Based on Figure 2 of CN0288 the document report that the main output noise source of the AD598 is the output ripple voltage 0f 0.4mVrms. This lead to 10.9 bit of  Noise-Free Code Resolution.

In the test result section the document report that the misured voltage ripple is 6.6mV reduced by the low pass filter to 2mVpp that lead to a 11bit of  Noise-Free Code Resolution.

My question is: How 2mVpp is better that 0.4mVrms?

If we back calculated from the Noise-Free Code Resolution to Noise_Vrms we have:

Effective Resolution = 11 + 2.7 = 13.7

Total RMS Counts = 2^(13.7) = 13308

Noise = 5V/13308 = 0.375mVrms of noise

...so how 2mVpp of ripple noise is equal to 0.375mVrms?

## Top Replies

• Hi BestUser,

Not sure how you're adding 2.7 bits to 11 bits - the AD7992 is a 12-bit converter, so the resolution cannot be greater than 12-bits. It is true that resolution can be improved by averaging, but only if the noise is "well behaved", ideally Gaussian, which is not the case. You can see this in CN0288 Figure 4 - only two ADC codes are represented, so you would only see two bins if you plotted as a histogram.

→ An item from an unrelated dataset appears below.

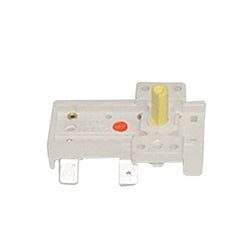 Recambio Radiador de aceite - Termostato regulable - 16un686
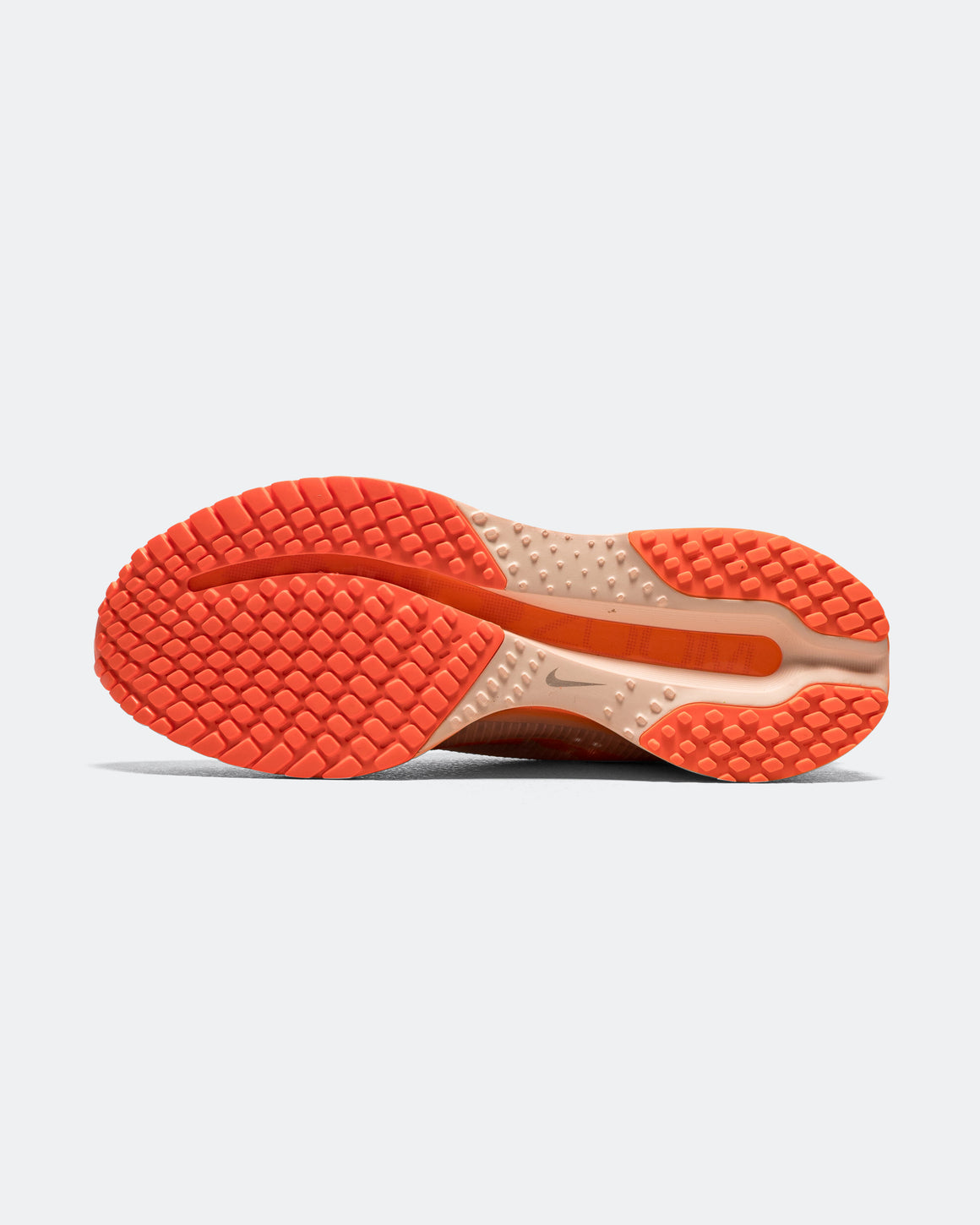 Nike - Mens Pegasus Premium - Washed Coral/Gridiron-Hyper Orange - Up There Athletics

RMS noise is related to the peak-to-peak noise by the crest factor. And the crest factor depends on how many readings are observed - refer to https://www.analog.com/media/en/technical-documentation/application-notes/an96fa.pdf, appendix B.

In the case of the CN0288, this would imply a crest factor of 2 / 0.375 = 5.3, which is a practical number in many cases. Often crest factors of 6 or 6.6 are used, where 6.6 corresponds to a 99.9% probability.

But there is a distinct difference between the AN96 example and CN0288 - the CN0288 is limited by quantization noise, it is NOT Gaussian, so these textbook relationships fall short.

Did this start to answer your question? Did you have a particular performance requirement for an LVDT application?

-Mark

My question was related to the fact that by insert the low-pass of 3KOhm and 0.01uF the ripple is reduced to a level of 2mVpp and this produce a 11bits of noise-free code resolution. Initially the Noise-free Code Resolution was 10.9bits, calculated with 0.4mVrms of noise So my question was: why 2mVpp of ripple (that produce 11bits of Noise-free Code Resolution) are better than 0.4mVrms (that produce 10.9bits of Noise-free Code Resolution)?

I tried to invert the formulas, so from the last one:

Effective resolution = Noise-free Code Resolution + 2.7bits = 11 + 2.7 = 13.7bits

Total RMS Counts = 2^(Effective resolution) = 2^13.7 = 13308

RMS Noise = FSR/Total RMS Counts = 0.375Vrms

So i was try to understand how derive 0.375Vrms from 2mVpp.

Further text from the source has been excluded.